The 1970s oil crisis forced a fundamental rethinking of automotive design. For the first time, fuel efficiency became a regulatory, commercial, and consumer priority — and the data from that era tells a fascinating story.

This project uses the UCI Auto MPG dataset to build an interpretable multiple linear regression model that predicts a car's fuel efficiency (miles per gallon) from its mechanical and physical characteristics. The goal goes beyond prediction accuracy: we want to understand the model, quantify the impact of each feature, and draw conclusions about what actually drove fuel economy improvements during this pivotal decade.

Core question:

Given a car's engine size, weight, horsepower, acceleration, model year, and region of origin — can we accurately predict its fuel efficiency in miles per gallon?

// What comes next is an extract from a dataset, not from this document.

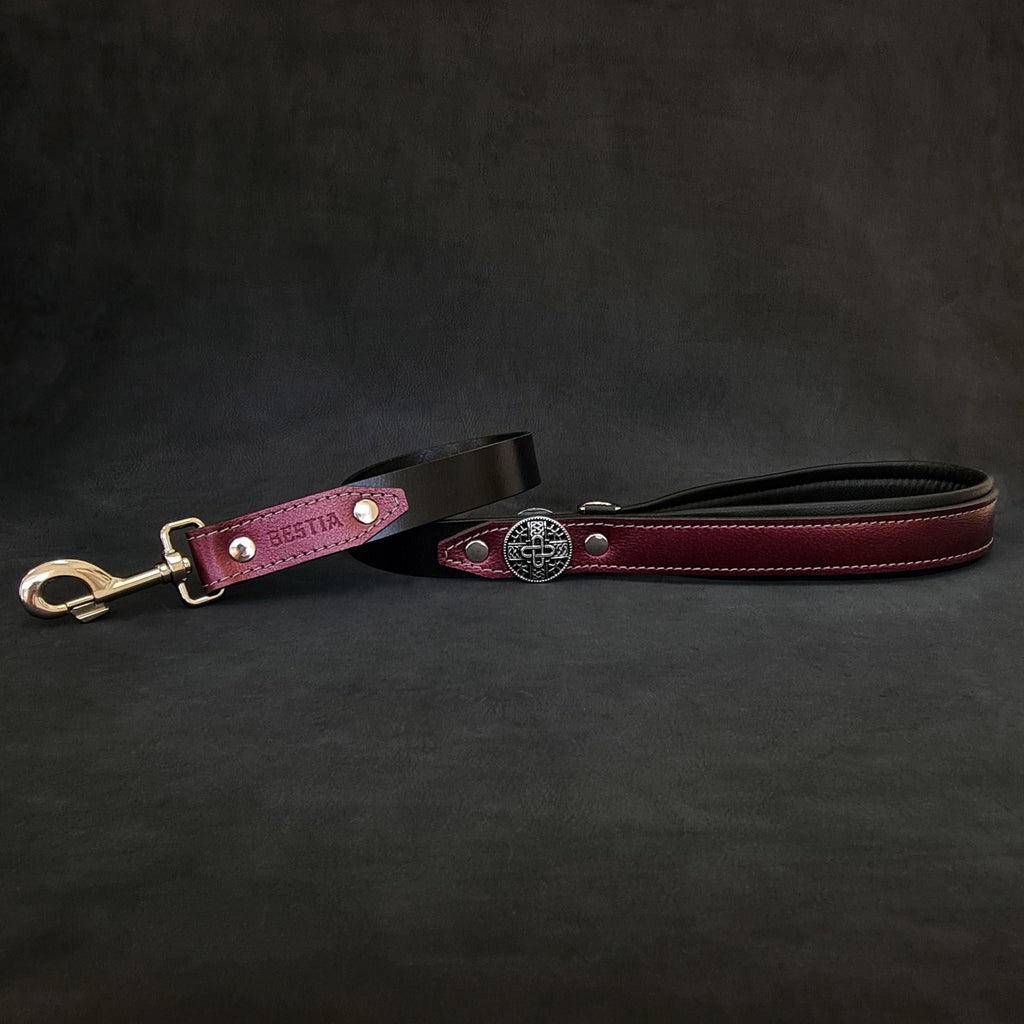 The "Hektor" Burgundy dog leash-LIMITED - SJB-DIAMOND ELITES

Success criterion: Test R² ≥ 0.80 (the model must explain at least 80% of variance in unseen data).


Dataset

Property Value
Name Auto MPG
Source UCI Machine Learning Repository
Records 398 cars
Period 1970–1982
Target mpg — Miles Per Gallon (continuous)

Feature Descriptions

Feature Type Description
mpg Float Miles per gallon — the prediction target
cylinders Integer Number of engine cylinders (3, 4, 5, 6, or 8)
displacement Float Engine displacement in cubic inches
horsepower Float Engine horsepower (6 values disguised as '?')
weight Integer Vehicle weight in pounds
acceleration Float Time (seconds) from 0 to 60 mph
model year Integer Last two digits of the model year (70–82)
origin Categorical Manufacturing region: USA, Europe, or Japan
car name String Vehicle identifier — dropped before modelling

Data Quality Issues Addressed

  • horsepower was stored as object dtype with 6 missing values encoded as '?'. Fixed via pd.to_numeric(errors='coerce') and mean imputation.
  • origin was encoded as integers (1, 2, 3). Mapped to meaningful labels and cast to category dtype with explicit ordering (USA as reference level for one-hot encoding).

Project Structure

predicting-fuel-economy/
│
├── Predicting_Fuel_Economy.ipynb   # Main analysis notebook
├── auto-mpg.csv                    # Raw dataset
└── README.md                       # This file

Notebook Structure

The notebook is organised into 14 sequential sections that follow a complete machine learning workflow:

 1. Library Imports
 2. Data Loading
 3. Data Cleaning
    ├── 3.1  Fix origin column (int → category with explicit ordering)
    ├── 3.2  Fix horsepower column ('?' → NaN → mean imputation)
    └── 3.3  Final data quality check
 4. Exploratory Data Analysis (EDA)
    ├── 4.1  Summary statistics with interpretation
    ├── 4.2  Target distribution (histogram + box plot)
    ├── 4.3  Feature relationships (pair plot, coloured by origin)
    ├── 4.4  Fuel economy by region of origin
    └── 4.5  Correlation heatmap — answers "which feature correlates most?"
 5. Feature Engineering
    ├── 5.1  Polynomial terms (weight², weight³, hp², hp³, acc², acc³)
    └── 5.2  One-hot encoding for origin (USA as reference level)
 6. Train-Test Split (80/20, random_state=1)
 7. Baseline Model — weight only (OLS, single feature)
 8. Multiple Regression with K-Fold Cross-Validation
    ├── 8.1  5-fold CV on training set
    └── 8.2  Refit final model on full training data
 9. OLS Assumption Checks
    ├── Residuals vs Fitted plot
    └── Normal Q-Q plot
10. Model Summary & Coefficient Interpretation
11. Test Set Evaluation
12. Predicting Fuel Economy for New Cars
13. Ridge Regression (Bonus)
14. Conclusion

Methodology

1. Data Cleaning

Standard pandas cleaning pipeline with deliberate decisions at each step — to_numeric with errors='coerce' to handle the disguised missing values, mean imputation to preserve all 398 rows, and explicit category ordering to control which level becomes the dummy variable reference.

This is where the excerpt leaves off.